───── Information supplied
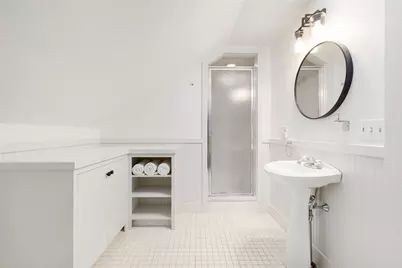 14 Greenough Place #B, Newport, RI 02840 - Photo 28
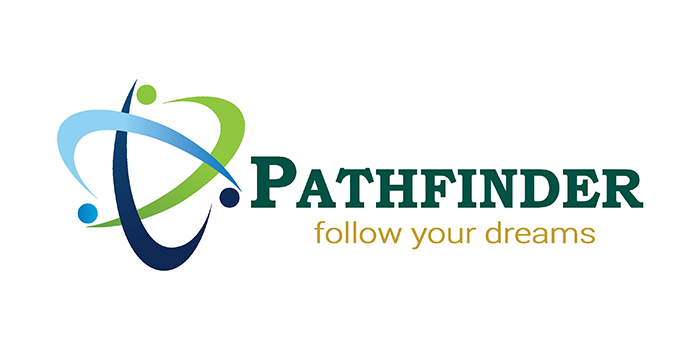 Pathfinder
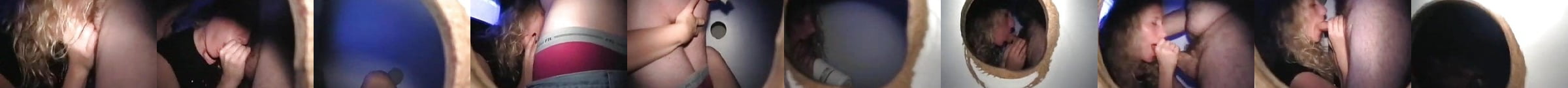 Amateur Cuckold Gloryhole 4, Free Pornhub Amateur Porn Video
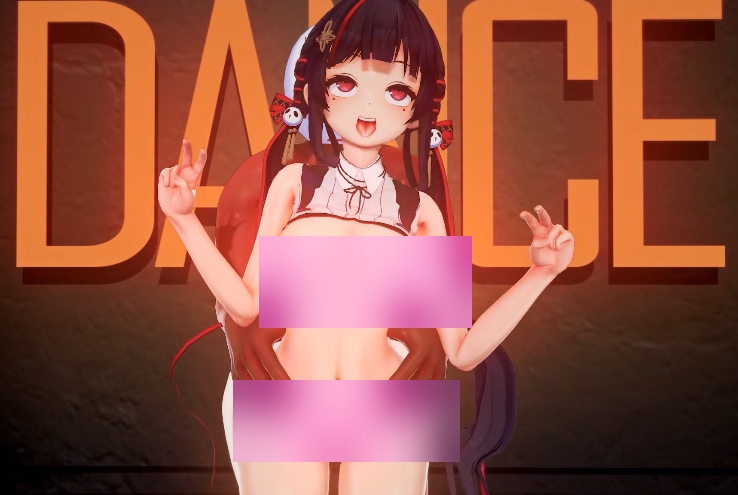 “给力四射,曲折小故事:7-10月希儿、心海、八月大鸭鸭sexdance、大鸭鸭在吃粽子、蒲牢纯P、蒲牢舞P等10个视频,4.98GB”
──────────
=== Task instructions ===
Print the data again, word for word, without any pictures.

=== Task answer ===
 14 Greenough Place #B, Newport, RI 02840 - Photo 28
 Pathfinder
 Amateur Cuckold Gloryhole 4, Free Pornhub Amateur Porn Video
 “给力四射,曲折小故事:7-10月希儿、心海、八月大鸭鸭sexdance、大鸭鸭在吃粽子、蒲牢纯P、蒲牢舞P等10个视频,4.98GB”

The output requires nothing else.